WHAT THE TASK ASKS>
What is the number of lines in the entries that contain "green"? Reply with that number only.

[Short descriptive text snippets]
══════════

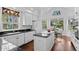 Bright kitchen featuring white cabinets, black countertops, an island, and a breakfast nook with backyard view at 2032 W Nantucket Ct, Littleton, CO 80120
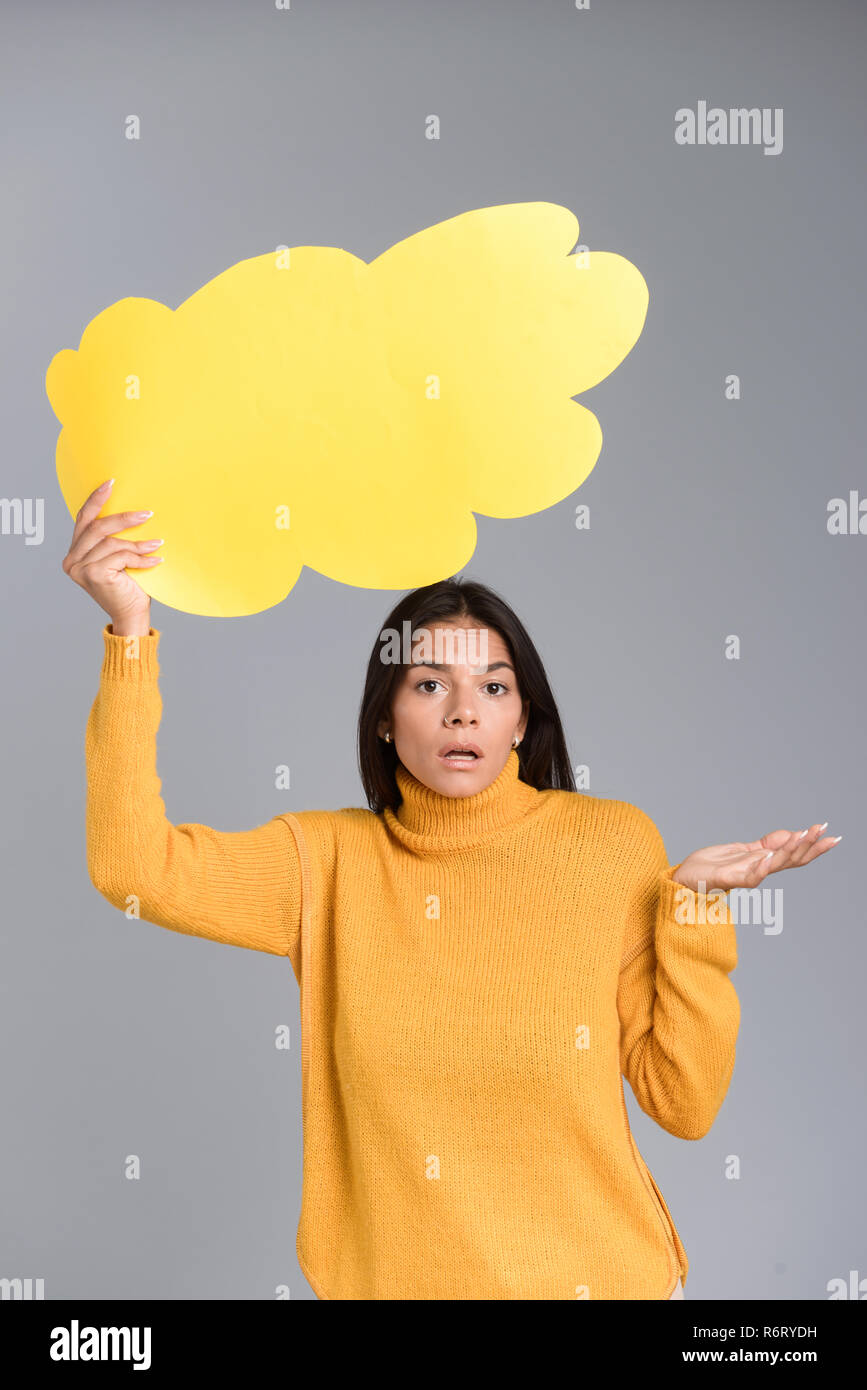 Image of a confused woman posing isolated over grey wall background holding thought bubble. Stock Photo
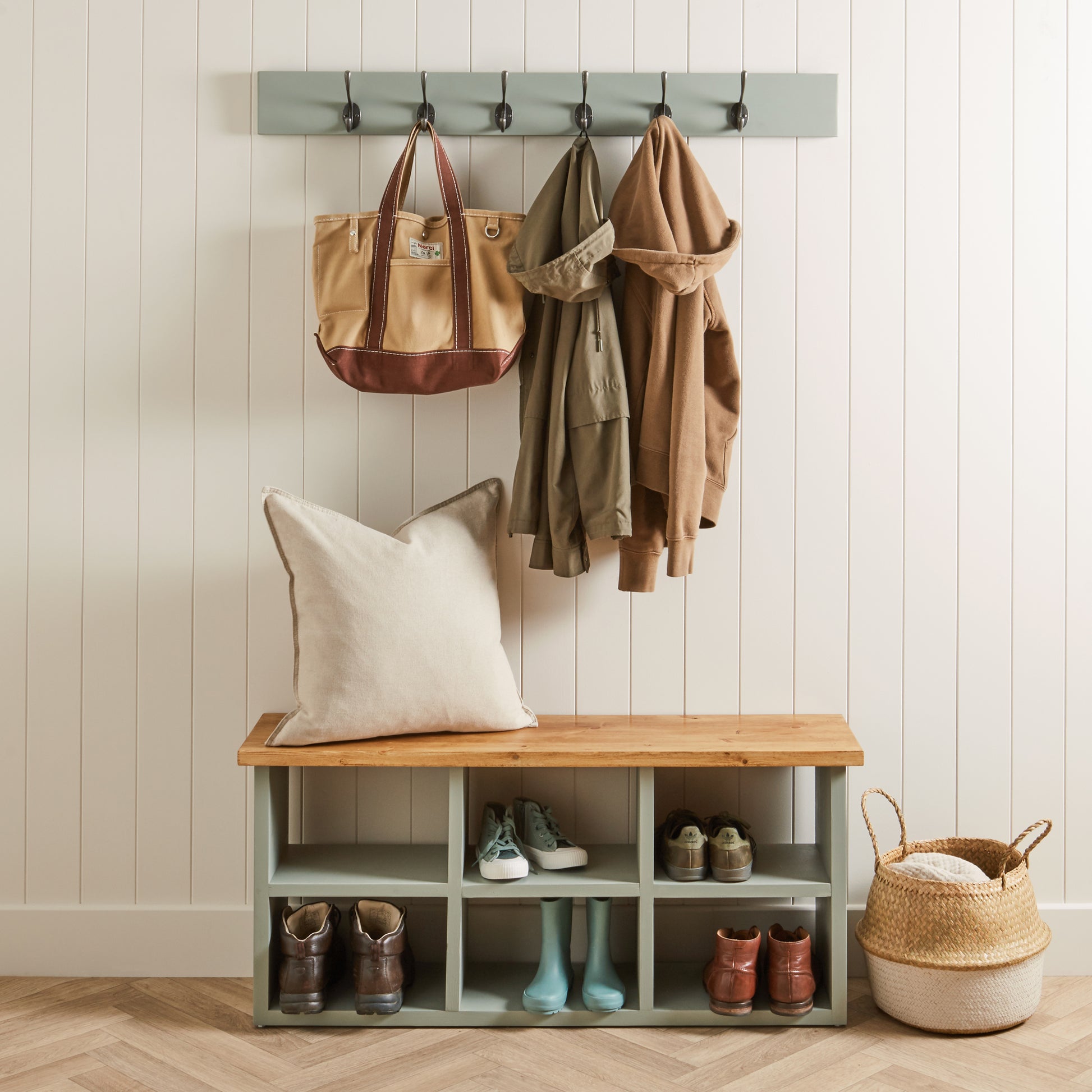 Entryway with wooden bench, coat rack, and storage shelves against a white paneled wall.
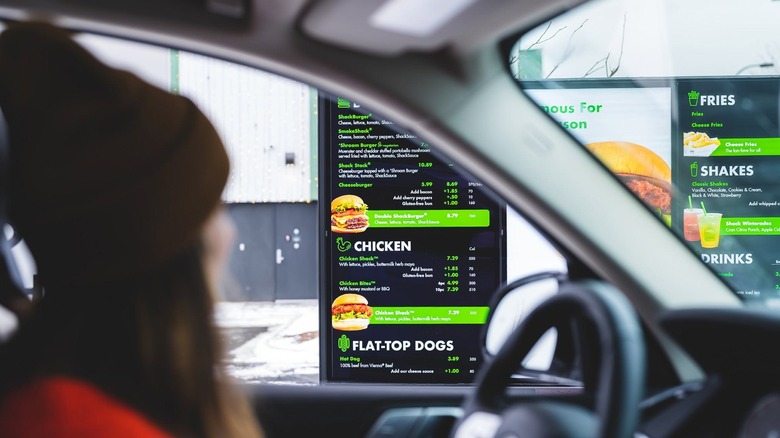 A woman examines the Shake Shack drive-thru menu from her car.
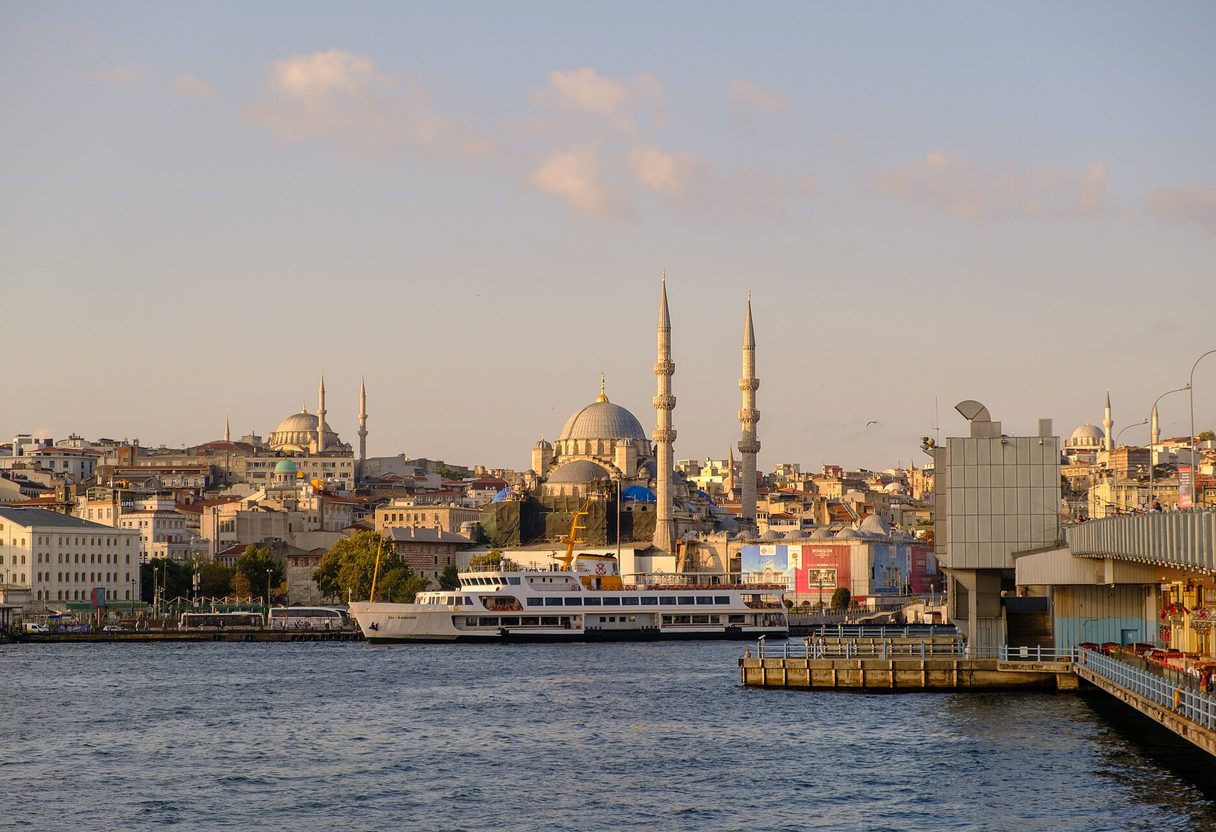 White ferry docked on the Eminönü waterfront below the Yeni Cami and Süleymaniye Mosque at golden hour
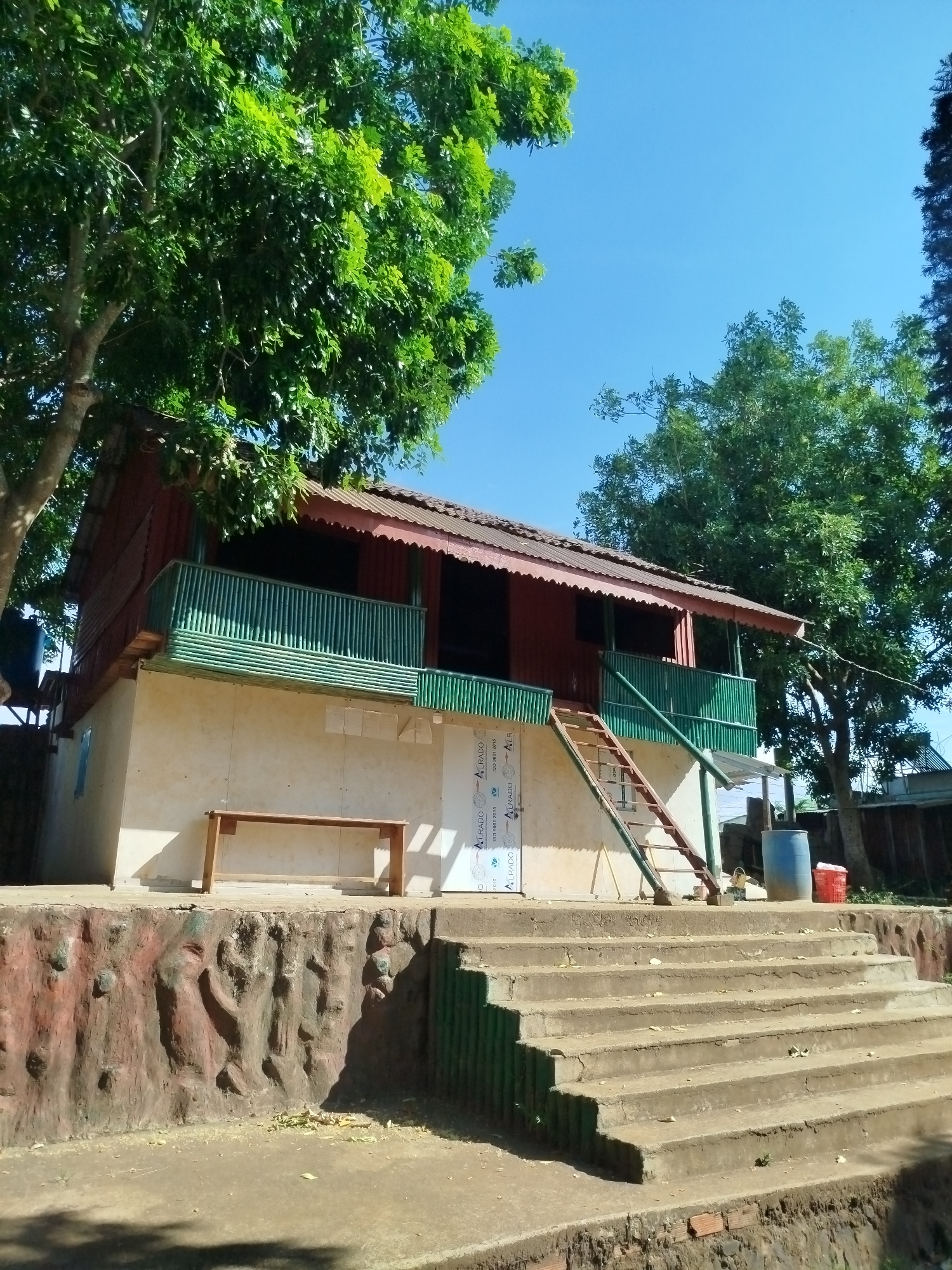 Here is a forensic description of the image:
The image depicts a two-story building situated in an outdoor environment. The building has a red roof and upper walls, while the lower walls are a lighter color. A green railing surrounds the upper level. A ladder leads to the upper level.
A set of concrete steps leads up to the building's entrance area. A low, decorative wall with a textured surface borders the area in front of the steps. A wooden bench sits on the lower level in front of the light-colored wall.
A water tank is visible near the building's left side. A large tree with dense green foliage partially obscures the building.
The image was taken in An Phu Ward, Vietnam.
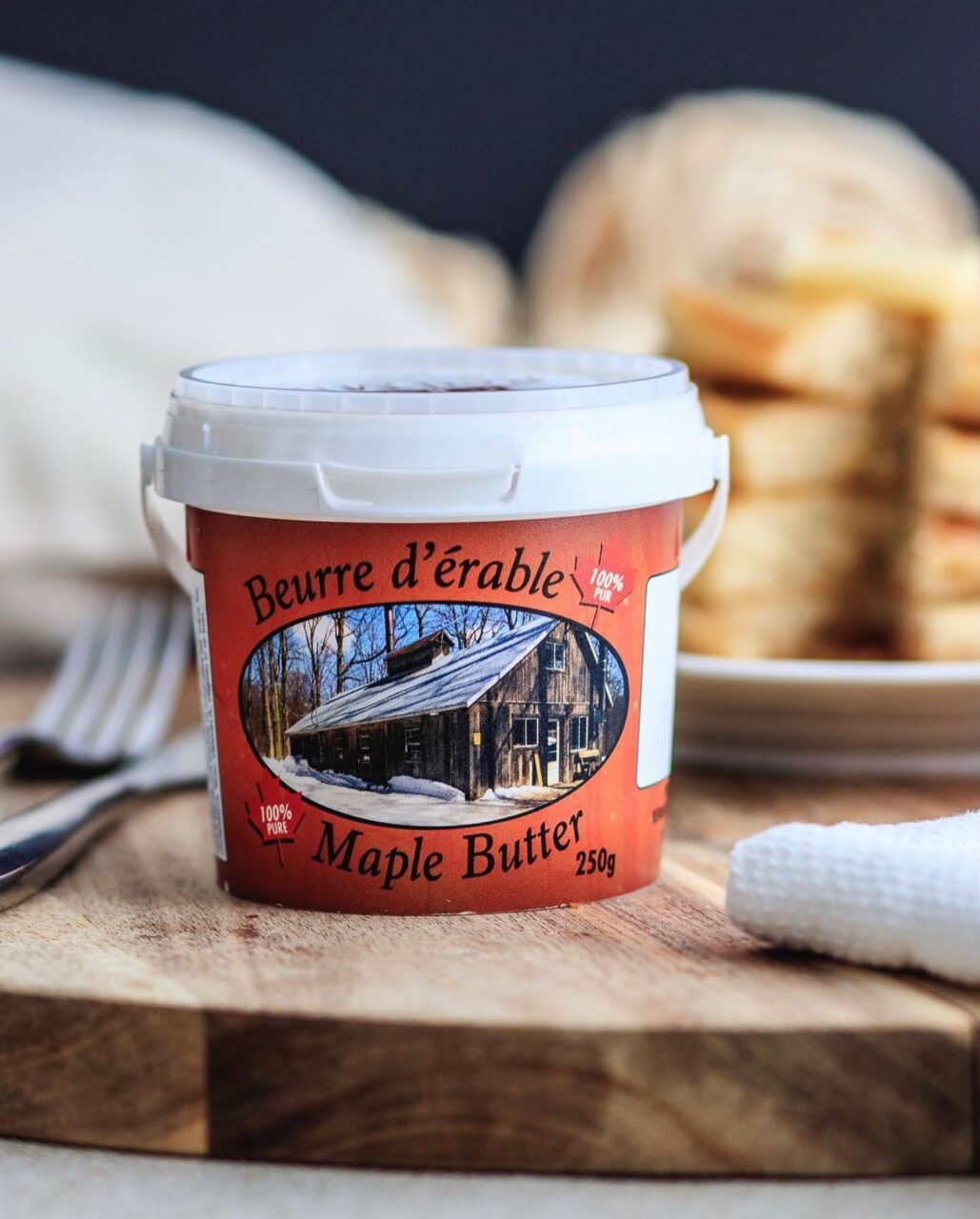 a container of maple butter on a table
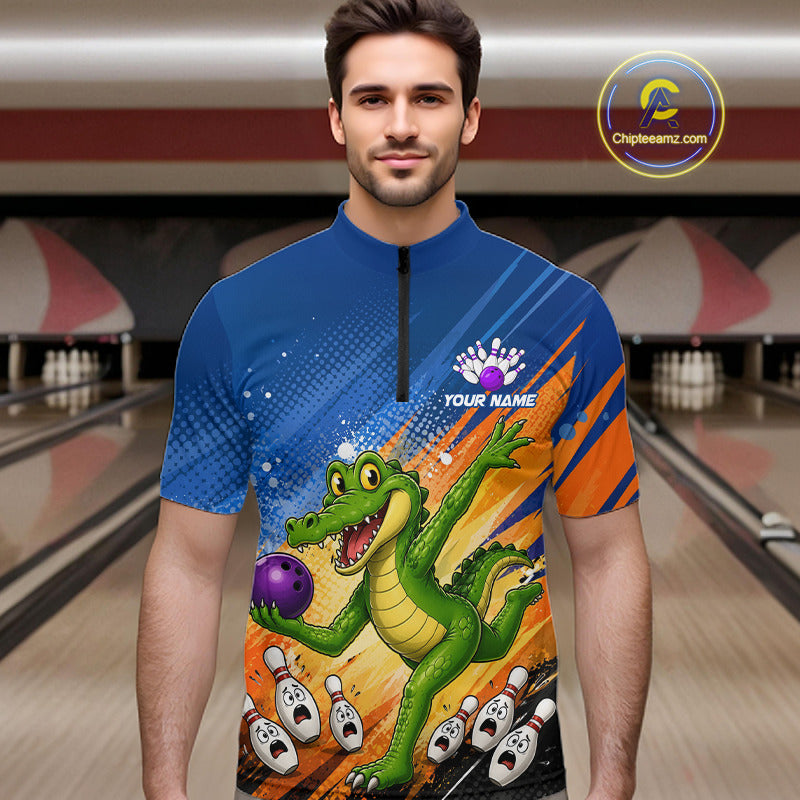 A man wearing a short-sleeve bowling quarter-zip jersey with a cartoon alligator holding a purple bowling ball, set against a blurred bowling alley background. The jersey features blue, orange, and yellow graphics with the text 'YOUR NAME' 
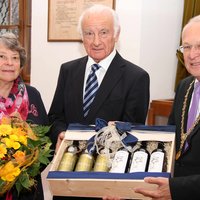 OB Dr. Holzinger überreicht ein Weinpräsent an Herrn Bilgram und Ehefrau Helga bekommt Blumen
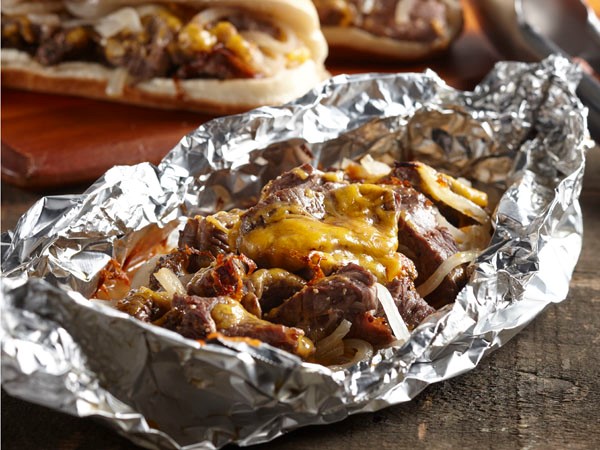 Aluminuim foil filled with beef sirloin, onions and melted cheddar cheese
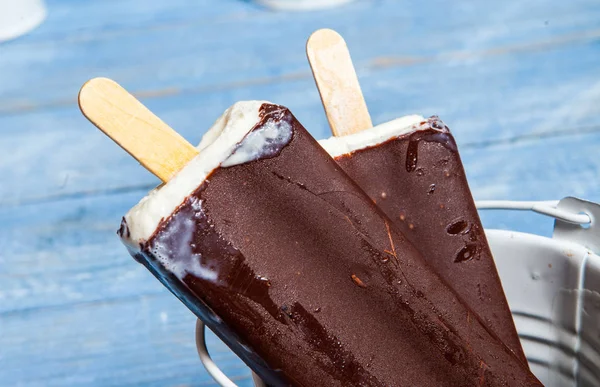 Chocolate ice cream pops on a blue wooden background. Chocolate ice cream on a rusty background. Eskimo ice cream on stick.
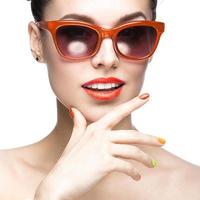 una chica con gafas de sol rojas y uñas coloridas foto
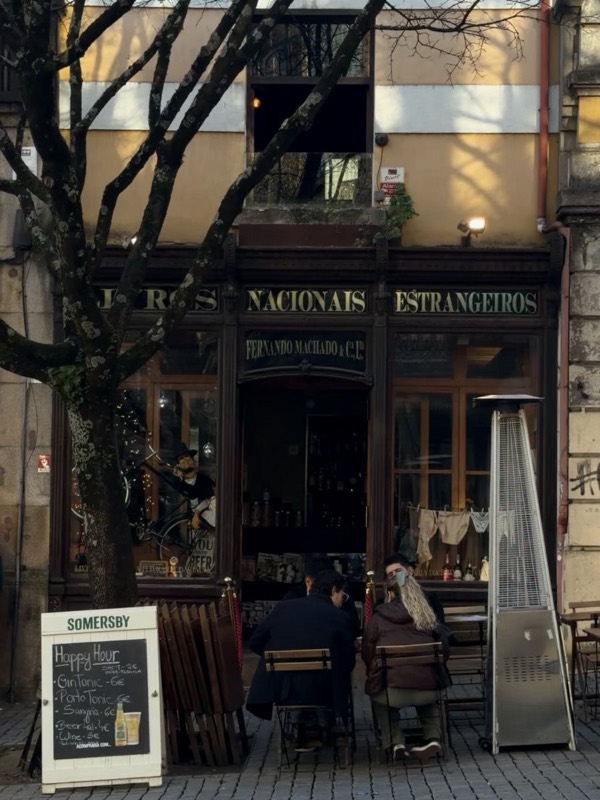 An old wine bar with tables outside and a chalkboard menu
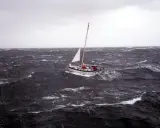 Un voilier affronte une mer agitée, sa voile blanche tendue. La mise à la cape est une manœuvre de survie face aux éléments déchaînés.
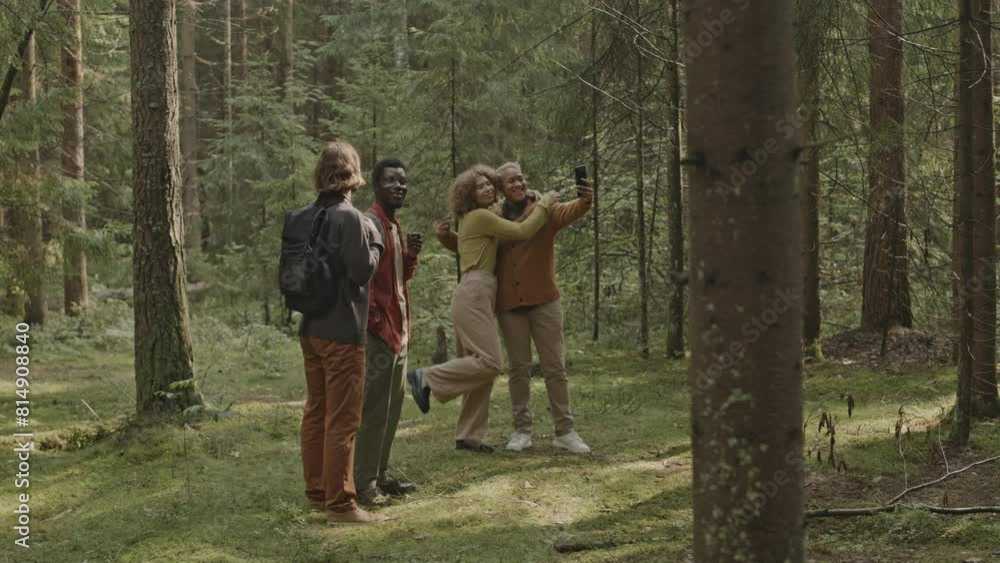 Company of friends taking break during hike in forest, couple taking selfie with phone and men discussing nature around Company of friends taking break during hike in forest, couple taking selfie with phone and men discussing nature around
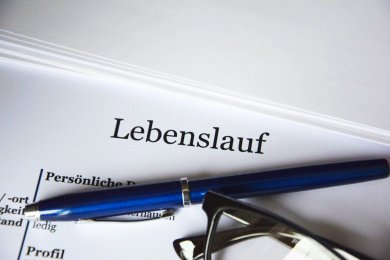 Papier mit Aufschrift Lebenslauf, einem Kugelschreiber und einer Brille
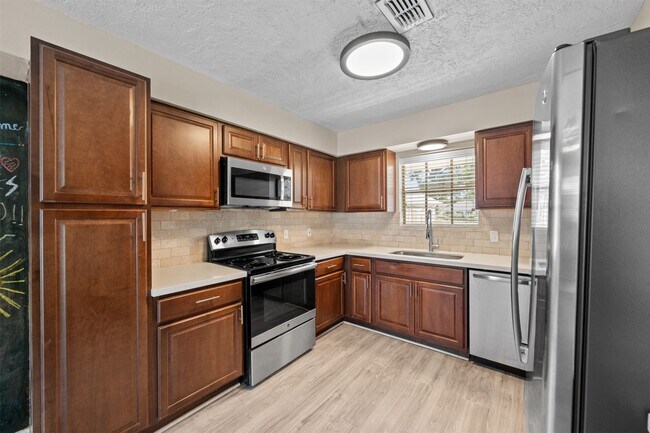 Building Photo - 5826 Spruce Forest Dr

══════════

COMPLETED EXERCISE>
2